U-Net with Pixel-wise weighted cross entropy: Input dimension errors - python

I have been using Zhixuhao's implementation of U-Net to try to do semantic binary segmentation and I modified it slightly using suggestions from this Stackoverflow answer:
Keras, binary segmentation, add weight to loss function
to be able to do a pixel-wise weighted binary cross-entropy, as they do in the original U-Net paper (see page 5), to force my U-Net to learn border pixels. Essentially the idea is to add a lambda layer that computes the pixel-wise weighted cross-entropy within the model itself and then use an "identity loss" that just copies the output of the network.
Here is what my input data looks like:
input image groundtruth weights
And here is what my code looks like:
def unet(pretrained_weights = None,input_size = (256,256,1)):
inputs = Input(input_size)
# [... Unet architecture from Zhixuhao's model.py file...]
conv10 = Conv2D(1, 1, activation = 'sigmoid', name='true_output')(conv9)
mask_weights = Input(input_size)
true_masks = Input(input_size)
loss1 = Lambda(weighted_binary_loss, output_shape=input_size, name='loss_output')([conv10, mask_weights, true_masks])
model = Model(inputs = [inputs, mask_weights, true_masks], outputs = loss1)
model.compile(optimizer = Adam(lr = 1e-4), loss =identity_loss)
And added those two functions:
def weighted_binary_loss(X):
y_pred, weights, y_true = X
loss = keras.losses.binary_crossentropy(y_pred, y_true)
loss = multiply([loss, weights])
return loss
def identity_loss(y_true, y_pred):
return y_pred
And finally here is the relevant part of my main.py:
input_size = (256,256,1)
target_size = (256,256)
myGene = trainGenerator(5,'data/moma/train','img','seg','wei',data_gen_args,save_to_dir=None,target_size=target_size)
model = unet(input_size=input_size)
model_checkpoint = ModelCheckpoint('unet_moma_weights.hdf5',monitor='loss',verbose=1, save_best_only=True)
model.fit_generator(myGene,steps_per_epoch=300,epochs=5,callbacks=[model_checkpoint])
Now this code runs fine, I can train my U-Net and it does learn border pixels, but only if I resize my input images to be 256*256 in size.
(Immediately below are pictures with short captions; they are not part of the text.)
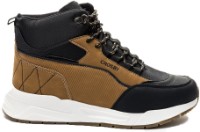 Bocanci pentru bărbați Crosby 438191/05-01 Black/Camel, s.43 imaginea #2 — magazin online Desire.md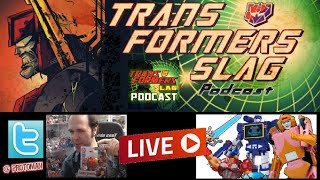 SLAG LIVE - Transformers Are OverGear!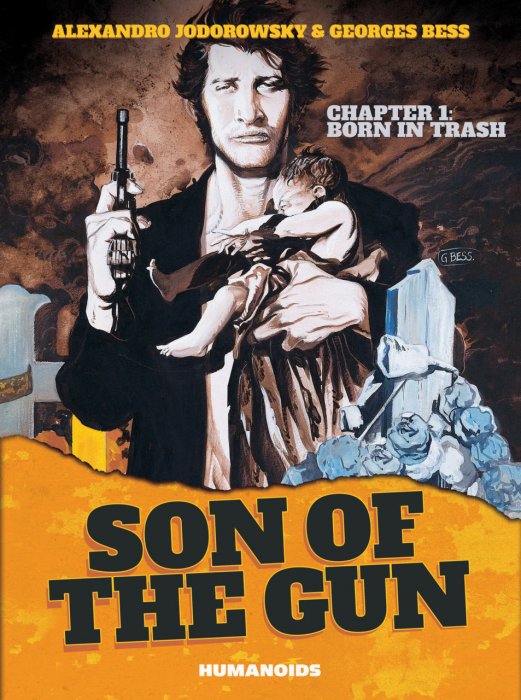 Son of the Gun #1-4 Complete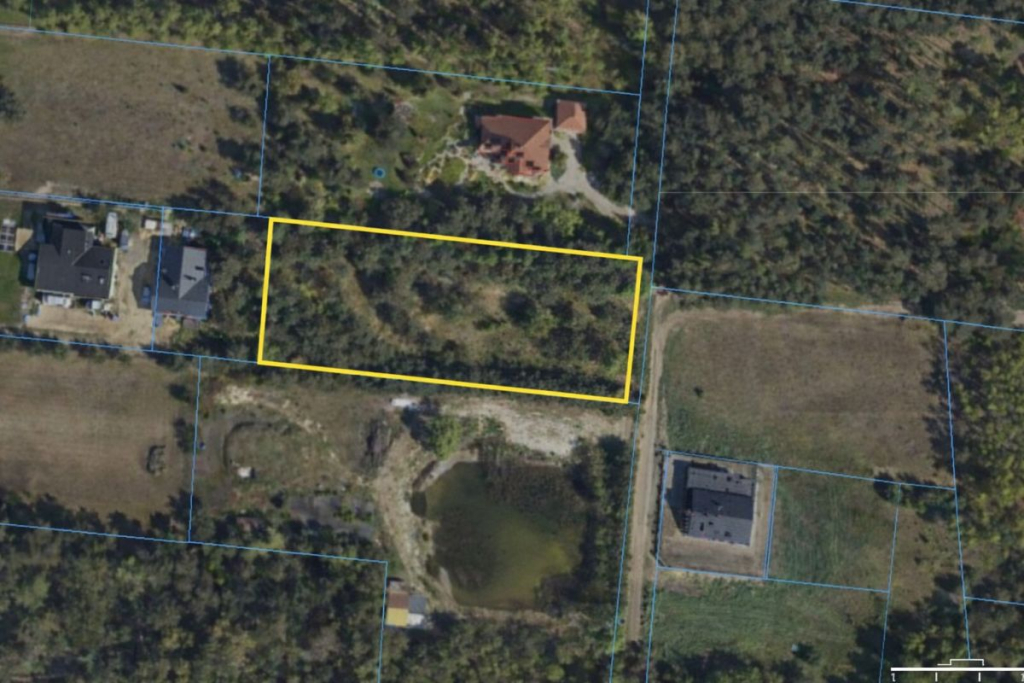 Działka 3328m²-WZ-10 km od Białegostoku Woroszyły - zdjęcie 3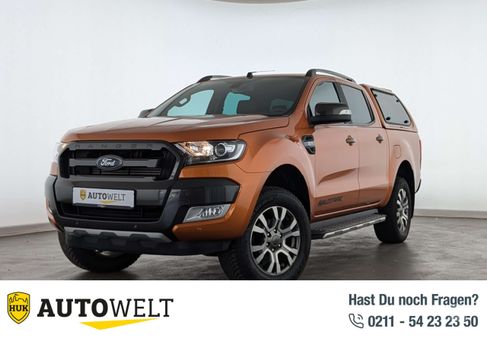 Ford Ranger, 2018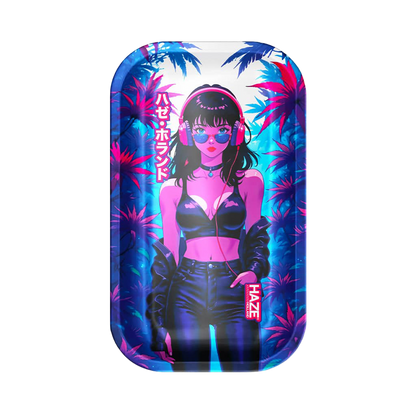 Haze Holland: Anime - Large Rolling Tray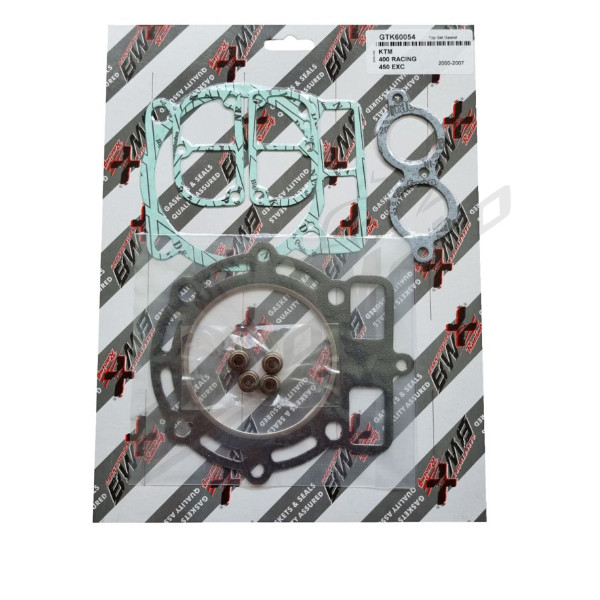 BEARING WORX Cylinder Gasket Kit KTM EXC / SX 400-450 00-07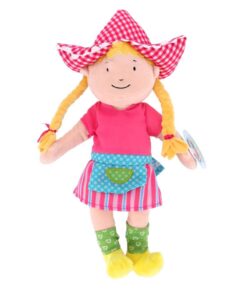 Fien en Teun Knuffel Fien 35 cm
If I instead use input_size=(256,32,1) and target_size=(256,32) in main.py , which is the relevant dimensions for my data and that allows me to use bigger batch sizes, I get the following error:
ValueError: Operands could not be broadcast together with shapes (256,
32, 1) (256, 32)
For the line loss = multiply([loss, weights]). And indeed the weights have one extra singleton dimension. I don't understand why the error is not raised when I use 256*256 inputs, but I tried to make both inputs the same dimensions with either k.expand_dims() or Reshape(), but while the code does not issue an error and the loss converges, when I test my network on extra inputs I get blank outputs (ie fully grey or white or black images, or stuff that has nothing to do with my inputs).
So this is a lot of text for the following question: Why does multiply() issue an error in the 256*32 case and not 256*256, and why creating/removing dimensions on the inputs does not help?
Thanks!
ps: In order to get the network to output the actual prediction instead of the pixel-wise loss after training, I remove the loss layer and the two extra input layers with the following code:
new_model = Model(inputs=model.inputs,outputs=model.get_layer("true_output").output)
new_model.compile(optimizer = Adam(lr = 1e-4), loss = 'binary_crossentropy')
new_model.set_weights(model.get_weights())
This works fine (again in the 256*256 case at least)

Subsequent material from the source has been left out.